If you have ever purchased publicly traded securities (stocks, bonds, etc.), it would appear to be a relatively simple, “paper-light” transaction on your end.  The average investor does not look at the source documents that outline the legal terms of that transaction, though they should have access to them.  Additionally, most investors buy pretty run-of-the-mill securities (stocks and bonds), or purchase positions in investment vehicles that own run-of-the-mill securities (mutual funds, exchange traded funds, wrap accounts, etc.).  Startups on crowdfunding platforms are not likely to sell the type of securities you would be able to purchase in your investment account.  As an investor, or business owner, you are going to want to get familiar with convertible notes, convertible preferred stock, simple agreements for future equity (SAFE), and other more esoteric securities that startups sometimes issue. 

As was mentioned above, investors in BeatStars obtained securities for their investment, which would have been an otherwise illegal transaction as between non-affluent investors and small businesses prior to the JOBS Act.  A document called a “purchase agreement” memorializes the purchase of/investment in those securities.  In taking a look at the purchase agreement from BeatStars, you can see that they are issuing a SAFE.  A SAFE will give the investor the ability to obtain, at some point in the future, some form of stock (common or preferred) or cash.  That point in the future will be triggered by an “event,” which is detailed in Section 1 of the SAFE agreement. Purchasers of SAFE agreements are generally given the right to purchase stock that will be issued in a later equity financing with more favorable terms than the party purchasing that stock in that later equity financing.  Those more favorable terms are mechanized through a “discount” or a “valuation cap” or both.  For more information about valuation caps and discounts, take a look at this primer on SAFE agreements from Y Combinator.
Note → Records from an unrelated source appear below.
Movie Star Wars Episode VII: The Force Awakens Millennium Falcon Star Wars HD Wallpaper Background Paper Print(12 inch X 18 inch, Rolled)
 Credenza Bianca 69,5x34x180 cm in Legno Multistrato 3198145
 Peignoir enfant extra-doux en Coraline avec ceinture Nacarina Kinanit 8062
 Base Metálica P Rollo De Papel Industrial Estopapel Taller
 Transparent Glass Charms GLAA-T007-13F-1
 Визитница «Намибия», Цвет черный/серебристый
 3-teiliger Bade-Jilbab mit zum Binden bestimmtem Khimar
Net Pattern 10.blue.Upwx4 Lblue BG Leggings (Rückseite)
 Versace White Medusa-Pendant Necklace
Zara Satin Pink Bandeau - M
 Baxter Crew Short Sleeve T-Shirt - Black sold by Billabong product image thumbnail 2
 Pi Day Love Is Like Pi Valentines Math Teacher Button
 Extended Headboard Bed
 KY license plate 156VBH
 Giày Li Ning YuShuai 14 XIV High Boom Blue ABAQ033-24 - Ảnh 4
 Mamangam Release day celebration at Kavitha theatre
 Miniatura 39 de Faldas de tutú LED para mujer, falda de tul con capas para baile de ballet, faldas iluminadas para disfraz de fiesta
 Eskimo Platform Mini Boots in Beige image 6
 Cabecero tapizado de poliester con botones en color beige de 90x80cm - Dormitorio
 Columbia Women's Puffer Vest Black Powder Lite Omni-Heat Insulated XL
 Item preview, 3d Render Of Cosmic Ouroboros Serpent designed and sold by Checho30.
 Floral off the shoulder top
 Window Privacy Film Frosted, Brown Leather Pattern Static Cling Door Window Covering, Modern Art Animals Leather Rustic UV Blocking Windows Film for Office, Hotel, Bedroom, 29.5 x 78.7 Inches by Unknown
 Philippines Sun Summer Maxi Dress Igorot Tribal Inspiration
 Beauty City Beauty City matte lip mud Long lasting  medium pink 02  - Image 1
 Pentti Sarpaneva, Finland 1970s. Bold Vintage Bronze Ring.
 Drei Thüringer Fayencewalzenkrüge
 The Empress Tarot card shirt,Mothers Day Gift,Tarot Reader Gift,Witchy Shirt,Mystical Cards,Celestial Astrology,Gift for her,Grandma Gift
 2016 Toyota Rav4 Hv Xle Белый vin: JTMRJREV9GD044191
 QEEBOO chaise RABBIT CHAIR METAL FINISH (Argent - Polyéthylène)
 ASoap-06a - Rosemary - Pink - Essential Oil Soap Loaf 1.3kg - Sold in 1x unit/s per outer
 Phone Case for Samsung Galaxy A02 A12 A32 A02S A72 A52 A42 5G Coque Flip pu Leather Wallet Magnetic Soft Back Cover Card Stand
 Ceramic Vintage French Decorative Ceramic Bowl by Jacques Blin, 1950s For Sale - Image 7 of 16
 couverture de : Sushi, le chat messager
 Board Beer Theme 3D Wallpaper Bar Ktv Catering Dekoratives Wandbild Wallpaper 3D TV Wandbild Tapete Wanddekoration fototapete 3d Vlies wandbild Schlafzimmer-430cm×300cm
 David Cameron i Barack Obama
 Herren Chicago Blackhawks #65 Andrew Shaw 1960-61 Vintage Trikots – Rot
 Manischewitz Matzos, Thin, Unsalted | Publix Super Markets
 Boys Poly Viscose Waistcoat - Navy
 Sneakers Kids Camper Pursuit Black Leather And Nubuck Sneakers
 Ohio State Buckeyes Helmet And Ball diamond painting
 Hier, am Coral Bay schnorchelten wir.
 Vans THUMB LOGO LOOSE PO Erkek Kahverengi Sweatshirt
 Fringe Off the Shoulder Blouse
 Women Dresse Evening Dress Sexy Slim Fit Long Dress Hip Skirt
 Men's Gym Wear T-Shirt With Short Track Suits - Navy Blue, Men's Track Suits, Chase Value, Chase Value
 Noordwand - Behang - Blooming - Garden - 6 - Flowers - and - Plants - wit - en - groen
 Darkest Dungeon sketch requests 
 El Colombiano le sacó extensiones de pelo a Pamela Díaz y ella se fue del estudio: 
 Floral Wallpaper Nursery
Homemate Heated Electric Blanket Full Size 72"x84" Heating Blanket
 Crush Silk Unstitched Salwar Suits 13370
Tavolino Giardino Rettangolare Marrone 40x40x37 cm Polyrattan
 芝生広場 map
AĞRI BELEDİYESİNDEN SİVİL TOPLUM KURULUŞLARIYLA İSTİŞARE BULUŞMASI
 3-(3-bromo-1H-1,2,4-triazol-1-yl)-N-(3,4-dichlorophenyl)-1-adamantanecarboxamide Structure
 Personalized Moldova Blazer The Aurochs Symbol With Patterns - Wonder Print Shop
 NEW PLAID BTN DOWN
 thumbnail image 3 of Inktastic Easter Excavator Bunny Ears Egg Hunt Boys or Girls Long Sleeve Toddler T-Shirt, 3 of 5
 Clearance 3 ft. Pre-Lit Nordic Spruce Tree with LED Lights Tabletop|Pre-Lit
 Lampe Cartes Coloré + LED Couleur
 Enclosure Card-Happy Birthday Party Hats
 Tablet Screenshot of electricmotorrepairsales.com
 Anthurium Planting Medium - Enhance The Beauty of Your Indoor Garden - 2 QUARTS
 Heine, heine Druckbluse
It should be noted that this SAFE is a security like a stock or a bond, but owning it is not like owning a stock that you purchase on the open market.  There is no secondary market for this security, and there are restrictions with respect to an investor’s ability to transfer securities issued through these funding portals.  In other words, investors in these startups are unlikely to see a return on their investment for years, if at all.

The Bottom Line

If you are a business, raising funds through regulation crowdfunding is going to be expensive.  As you can tell from the disclosures and the purchase agreement, BeatStars paid quite a bit of money to attorneys, accountants, and the platform ($13 thousand to the platform alone).  All-in-all, BeatStars probably paid about $20 thousand dollars to raise their $183 thousand (based on their estimate in their Form C).  Will the cost of capital come down as competition increases?  Hopefully.  Is there something to be said for the ancillary advertising benefit you get from this form of democratized financing?  For sure.  But, for now, crowdfunding is still probably not going to benefit every startup seeking capital.

If you are an investor, investing in small businesses through crowdfunding platforms is still incredibly risky.  More often than not, startups fold.  This observation is applicable to all startups, even those on crowdfunding platforms.  The platforms and regulatory agencies do not analyze the viability of these businesses that raise money through crowdfunding platforms, and one should not assume that just because the investments are somewhat regulated, that they are more likely to yield positive results.  

That said, the prospects are exciting.  Access to democratized capital for small businesses could change the way people view small businesses.  It will connect the business to their consumer in a way that it never could before, by making them a part-owner in the locally owned business they patronize.  The secondary benefits of what this type of financing can breed are limitless.  Will there be challenges?  Unquestionably, yes. Fortunately, entrepreneurs love problems—problems that need to be solved are opportunities for innovation and wealth.